**Task objective:**
The answer should contain every record below, output exactly.

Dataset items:
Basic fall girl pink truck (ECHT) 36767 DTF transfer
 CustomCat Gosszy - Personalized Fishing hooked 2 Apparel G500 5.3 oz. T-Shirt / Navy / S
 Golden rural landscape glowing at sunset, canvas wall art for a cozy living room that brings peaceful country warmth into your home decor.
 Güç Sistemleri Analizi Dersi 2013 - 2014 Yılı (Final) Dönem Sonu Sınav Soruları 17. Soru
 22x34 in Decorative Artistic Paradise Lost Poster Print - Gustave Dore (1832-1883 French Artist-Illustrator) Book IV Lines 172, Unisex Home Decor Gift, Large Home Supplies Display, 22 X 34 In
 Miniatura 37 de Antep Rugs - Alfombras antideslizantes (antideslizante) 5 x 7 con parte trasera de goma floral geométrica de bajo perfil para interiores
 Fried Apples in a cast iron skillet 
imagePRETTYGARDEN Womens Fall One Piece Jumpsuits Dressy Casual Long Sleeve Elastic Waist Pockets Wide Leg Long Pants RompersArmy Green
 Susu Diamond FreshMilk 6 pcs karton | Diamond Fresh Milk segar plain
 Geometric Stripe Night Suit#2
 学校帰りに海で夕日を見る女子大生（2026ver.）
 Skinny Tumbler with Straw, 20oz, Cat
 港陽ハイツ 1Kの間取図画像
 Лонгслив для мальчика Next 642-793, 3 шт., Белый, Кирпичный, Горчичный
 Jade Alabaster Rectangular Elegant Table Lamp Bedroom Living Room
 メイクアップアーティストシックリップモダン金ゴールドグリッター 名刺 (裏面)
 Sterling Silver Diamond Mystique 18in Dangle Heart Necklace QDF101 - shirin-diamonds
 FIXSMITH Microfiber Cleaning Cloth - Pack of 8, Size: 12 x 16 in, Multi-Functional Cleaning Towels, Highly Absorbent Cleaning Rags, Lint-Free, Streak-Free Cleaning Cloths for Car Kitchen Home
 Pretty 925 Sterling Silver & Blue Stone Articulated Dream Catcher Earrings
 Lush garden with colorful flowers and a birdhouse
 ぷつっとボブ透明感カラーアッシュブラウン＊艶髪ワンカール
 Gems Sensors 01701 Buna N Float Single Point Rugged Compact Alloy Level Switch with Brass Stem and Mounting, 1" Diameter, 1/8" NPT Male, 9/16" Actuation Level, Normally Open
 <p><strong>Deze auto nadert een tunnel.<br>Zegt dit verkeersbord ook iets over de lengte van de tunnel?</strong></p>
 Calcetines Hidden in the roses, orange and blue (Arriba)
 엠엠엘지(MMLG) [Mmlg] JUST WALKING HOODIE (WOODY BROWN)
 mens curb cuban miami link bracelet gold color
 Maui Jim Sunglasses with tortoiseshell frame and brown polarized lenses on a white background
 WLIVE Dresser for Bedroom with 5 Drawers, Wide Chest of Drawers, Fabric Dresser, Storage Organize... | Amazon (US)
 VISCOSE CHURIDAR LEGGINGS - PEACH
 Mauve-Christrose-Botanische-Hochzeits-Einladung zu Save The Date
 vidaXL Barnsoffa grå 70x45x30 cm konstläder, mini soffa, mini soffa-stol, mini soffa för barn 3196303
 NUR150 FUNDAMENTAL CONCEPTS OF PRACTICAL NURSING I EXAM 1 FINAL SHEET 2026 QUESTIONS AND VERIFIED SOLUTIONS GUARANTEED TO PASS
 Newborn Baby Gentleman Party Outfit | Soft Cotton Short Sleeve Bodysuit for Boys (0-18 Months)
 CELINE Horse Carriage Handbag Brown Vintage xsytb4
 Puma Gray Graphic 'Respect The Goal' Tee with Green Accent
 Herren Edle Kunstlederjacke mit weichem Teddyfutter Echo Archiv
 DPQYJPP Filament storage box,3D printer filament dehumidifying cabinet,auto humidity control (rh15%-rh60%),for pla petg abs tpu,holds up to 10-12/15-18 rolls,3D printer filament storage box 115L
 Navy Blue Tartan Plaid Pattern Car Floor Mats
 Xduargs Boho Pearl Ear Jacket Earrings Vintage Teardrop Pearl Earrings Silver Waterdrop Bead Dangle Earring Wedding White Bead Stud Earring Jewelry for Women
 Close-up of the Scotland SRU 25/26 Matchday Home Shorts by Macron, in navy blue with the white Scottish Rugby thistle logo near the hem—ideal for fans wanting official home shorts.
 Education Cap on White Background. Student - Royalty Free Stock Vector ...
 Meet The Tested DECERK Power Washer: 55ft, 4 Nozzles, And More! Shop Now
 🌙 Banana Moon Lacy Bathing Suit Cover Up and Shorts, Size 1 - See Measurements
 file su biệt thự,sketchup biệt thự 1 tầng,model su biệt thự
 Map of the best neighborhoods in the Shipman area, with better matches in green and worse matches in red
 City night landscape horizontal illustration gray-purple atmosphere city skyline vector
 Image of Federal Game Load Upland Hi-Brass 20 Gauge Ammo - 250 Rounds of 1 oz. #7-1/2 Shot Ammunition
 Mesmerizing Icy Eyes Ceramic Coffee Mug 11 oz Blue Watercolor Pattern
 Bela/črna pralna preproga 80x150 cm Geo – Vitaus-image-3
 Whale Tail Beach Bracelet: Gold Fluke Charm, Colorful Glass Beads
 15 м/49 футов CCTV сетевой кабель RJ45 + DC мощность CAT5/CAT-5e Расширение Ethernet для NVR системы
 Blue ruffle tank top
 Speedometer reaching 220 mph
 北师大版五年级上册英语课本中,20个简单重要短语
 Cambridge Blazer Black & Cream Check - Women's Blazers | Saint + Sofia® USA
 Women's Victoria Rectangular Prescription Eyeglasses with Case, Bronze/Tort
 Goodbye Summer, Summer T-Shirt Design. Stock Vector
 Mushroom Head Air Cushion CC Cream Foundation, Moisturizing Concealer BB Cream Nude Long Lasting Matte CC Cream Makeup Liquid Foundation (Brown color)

**Answer for this exercise:**
Basic fall girl pink truck (ECHT) 36767 DTF transfer
 CustomCat Gosszy - Personalized Fishing hooked 2 Apparel G500 5.3 oz. T-Shirt / Navy / S
 Golden rural landscape glowing at sunset, canvas wall art for a cozy living room that brings peaceful country warmth into your home decor.
 Güç Sistemleri Analizi Dersi 2013 - 2014 Yılı (Final) Dönem Sonu Sınav Soruları 17. Soru
 22x34 in Decorative Artistic Paradise Lost Poster Print - Gustave Dore (1832-1883 French Artist-Illustrator) Book IV Lines 172, Unisex Home Decor Gift, Large Home Supplies Display, 22 X 34 In
 Miniatura 37 de Antep Rugs - Alfombras antideslizantes (antideslizante) 5 x 7 con parte trasera de goma floral geométrica de bajo perfil para interiores
 Fried Apples in a cast iron skillet 
imagePRETTYGARDEN Womens Fall One Piece Jumpsuits Dressy Casual Long Sleeve Elastic Waist Pockets Wide Leg Long Pants RompersArmy Green
 Susu Diamond FreshMilk 6 pcs karton | Diamond Fresh Milk segar plain
 Geometric Stripe Night Suit#2
 学校帰りに海で夕日を見る女子大生（2026ver.）
 Skinny Tumbler with Straw, 20oz, Cat
 港陽ハイツ 1Kの間取図画像
 Лонгслив для мальчика Next 642-793, 3 шт., Белый, Кирпичный, Горчичный
 Jade Alabaster Rectangular Elegant Table Lamp Bedroom Living Room
 メイクアップアーティストシックリップモダン金ゴールドグリッター 名刺 (裏面)
 Sterling Silver Diamond Mystique 18in Dangle Heart Necklace QDF101 - shirin-diamonds
 FIXSMITH Microfiber Cleaning Cloth - Pack of 8, Size: 12 x 16 in, Multi-Functional Cleaning Towels, Highly Absorbent Cleaning Rags, Lint-Free, Streak-Free Cleaning Cloths for Car Kitchen Home
 Pretty 925 Sterling Silver & Blue Stone Articulated Dream Catcher Earrings
 Lush garden with colorful flowers and a birdhouse
 ぷつっとボブ透明感カラーアッシュブラウン＊艶髪ワンカール
 Gems Sensors 01701 Buna N Float Single Point Rugged Compact Alloy Level Switch with Brass Stem and Mounting, 1" Diameter, 1/8" NPT Male, 9/16" Actuation Level, Normally Open
 <p><strong>Deze auto nadert een tunnel.<br>Zegt dit verkeersbord ook iets over de lengte van de tunnel?</strong></p>
 Calcetines Hidden in the roses, orange and blue (Arriba)
 엠엠엘지(MMLG) [Mmlg] JUST WALKING HOODIE (WOODY BROWN)
 mens curb cuban miami link bracelet gold color
 Maui Jim Sunglasses with tortoiseshell frame and brown polarized lenses on a white background
 WLIVE Dresser for Bedroom with 5 Drawers, Wide Chest of Drawers, Fabric Dresser, Storage Organize... | Amazon (US)
 VISCOSE CHURIDAR LEGGINGS - PEACH
 Mauve-Christrose-Botanische-Hochzeits-Einladung zu Save The Date
 vidaXL Barnsoffa grå 70x45x30 cm konstläder, mini soffa, mini soffa-stol, mini soffa för barn 3196303
 NUR150 FUNDAMENTAL CONCEPTS OF PRACTICAL NURSING I EXAM 1 FINAL SHEET 2026 QUESTIONS AND VERIFIED SOLUTIONS GUARANTEED TO PASS
 Newborn Baby Gentleman Party Outfit | Soft Cotton Short Sleeve Bodysuit for Boys (0-18 Months)
 CELINE Horse Carriage Handbag Brown Vintage xsytb4
 Puma Gray Graphic 'Respect The Goal' Tee with Green Accent
 Herren Edle Kunstlederjacke mit weichem Teddyfutter Echo Archiv
 DPQYJPP Filament storage box,3D printer filament dehumidifying cabinet,auto humidity control (rh15%-rh60%),for pla petg abs tpu,holds up to 10-12/15-18 rolls,3D printer filament storage box 115L
 Navy Blue Tartan Plaid Pattern Car Floor Mats
 Xduargs Boho Pearl Ear Jacket Earrings Vintage Teardrop Pearl Earrings Silver Waterdrop Bead Dangle Earring Wedding White Bead Stud Earring Jewelry for Women
 Close-up of the Scotland SRU 25/26 Matchday Home Shorts by Macron, in navy blue with the white Scottish Rugby thistle logo near the hem—ideal for fans wanting official home shorts.
 Education Cap on White Background. Student - Royalty Free Stock Vector ...
 Meet The Tested DECERK Power Washer: 55ft, 4 Nozzles, And More! Shop Now
 🌙 Banana Moon Lacy Bathing Suit Cover Up and Shorts, Size 1 - See Measurements
 file su biệt thự,sketchup biệt thự 1 tầng,model su biệt thự
 Map of the best neighborhoods in the Shipman area, with better matches in green and worse matches in red
 City night landscape horizontal illustration gray-purple atmosphere city skyline vector
 Image of Federal Game Load Upland Hi-Brass 20 Gauge Ammo - 250 Rounds of 1 oz. #7-1/2 Shot Ammunition
 Mesmerizing Icy Eyes Ceramic Coffee Mug 11 oz Blue Watercolor Pattern
 Bela/črna pralna preproga 80x150 cm Geo – Vitaus-image-3
 Whale Tail Beach Bracelet: Gold Fluke Charm, Colorful Glass Beads
 15 м/49 футов CCTV сетевой кабель RJ45 + DC мощность CAT5/CAT-5e Расширение Ethernet для NVR системы
 Blue ruffle tank top
 Speedometer reaching 220 mph
 北师大版五年级上册英语课本中,20个简单重要短语
 Cambridge Blazer Black & Cream Check - Women's Blazers | Saint + Sofia® USA
 Women's Victoria Rectangular Prescription Eyeglasses with Case, Bronze/Tort
 Goodbye Summer, Summer T-Shirt Design. Stock Vector
 Mushroom Head Air Cushion CC Cream Foundation, Moisturizing Concealer BB Cream Nude Long Lasting Matte CC Cream Makeup Liquid Foundation (Brown color)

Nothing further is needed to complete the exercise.